● **YOUR INSTRUCTIONS**: Each image should be skipped while the records are restated word for word.

Collected data
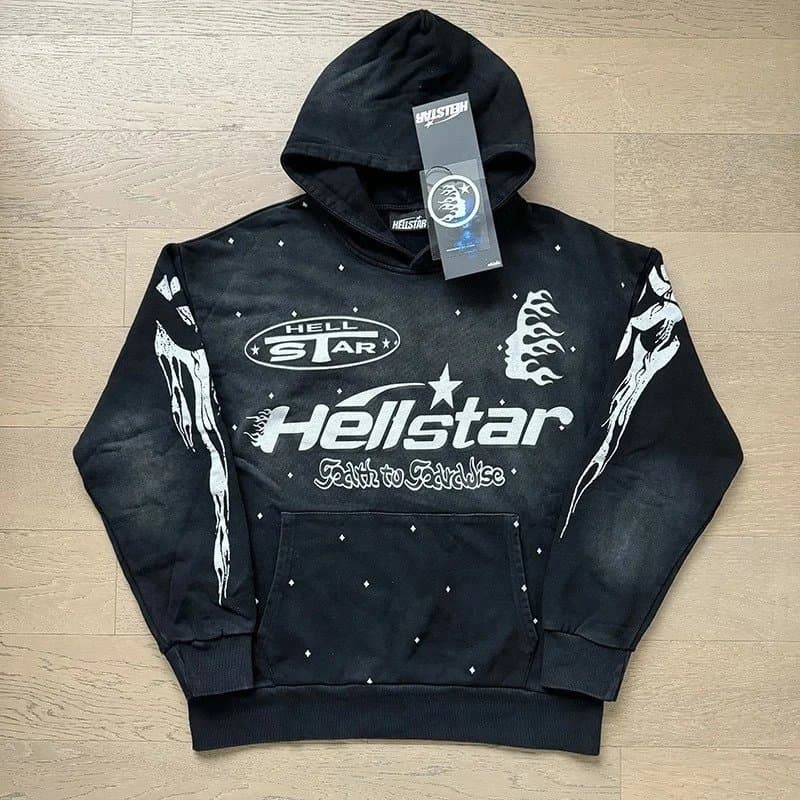 Flared Sweatpants Hellstar Graphic Print — A5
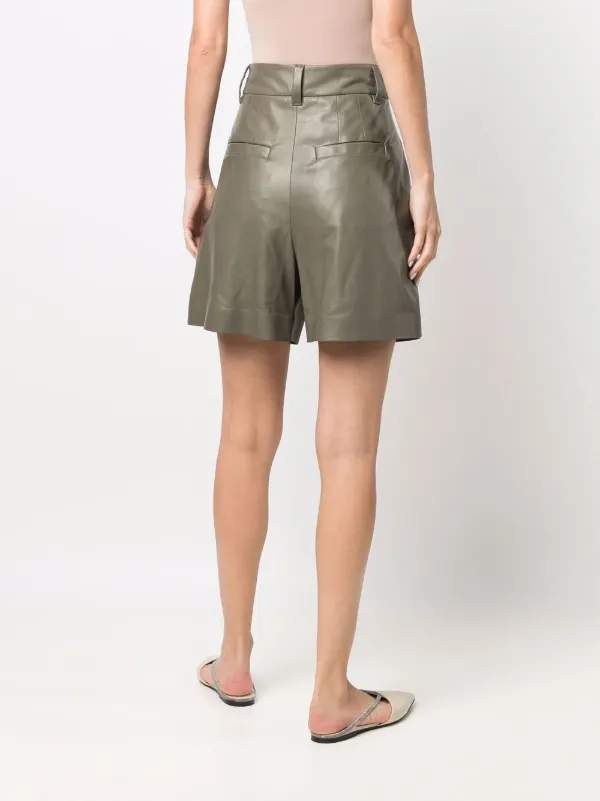 Brunello Cucinelli wide-leg Leather 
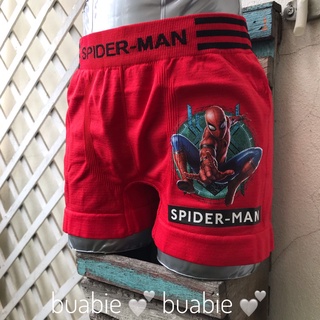 กางเกงในเด็กผู้ชาย 3-10 ขวบ ทรงบ็อกเซ่อร์ Boxer ลายลิขสิทธิ์แท้ สไปเดอร์แมน Spiderman เซ็ต 3 ตัว ผ้าทอ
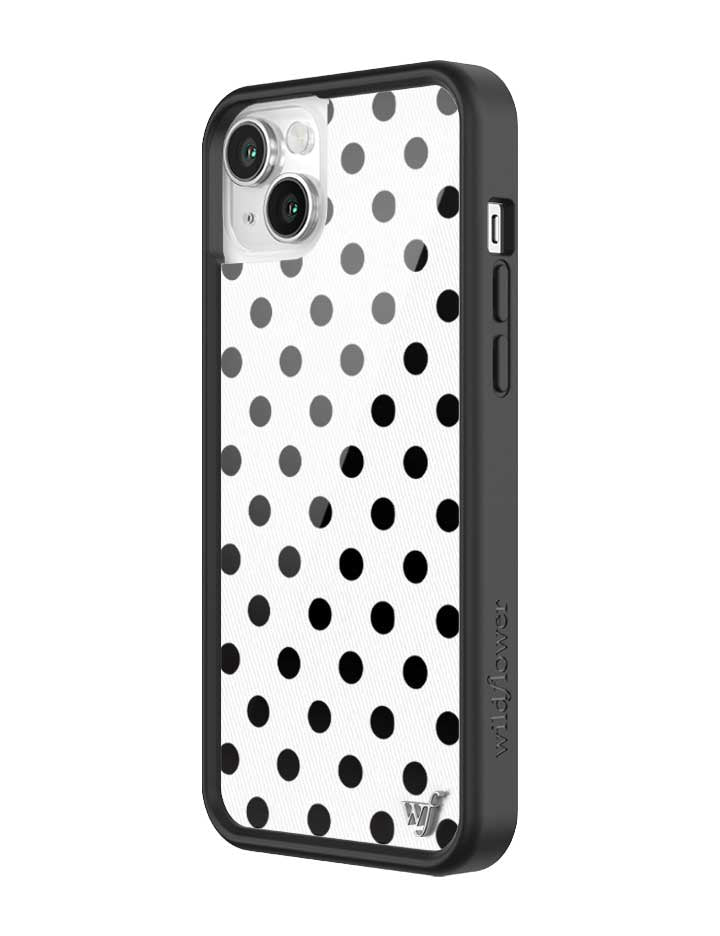 Polka Dot iPhone Case in White and Black - Image 38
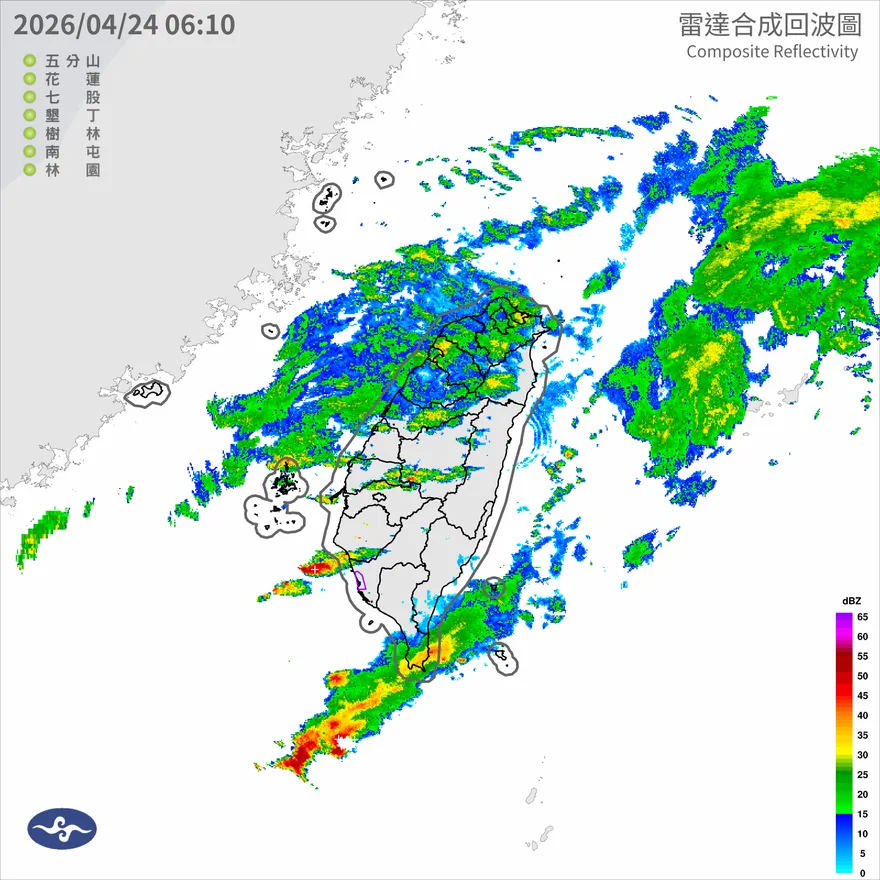 今鋒面雨彈擴大！大雷雨轟高雄市　放晴等4/26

● **SOLUTION TO THIS TASK**:
 Flared Sweatpants Hellstar Graphic Print — A5
 Brunello Cucinelli wide-leg Leather 
 กางเกงในเด็กผู้ชาย 3-10 ขวบ ทรงบ็อกเซ่อร์ Boxer ลายลิขสิทธิ์แท้ สไปเดอร์แมน Spiderman เซ็ต 3 ตัว ผ้าทอ
 Polka Dot iPhone Case in White and Black - Image 38
 今鋒面雨彈擴大！大雷雨轟高雄市　放晴等4/26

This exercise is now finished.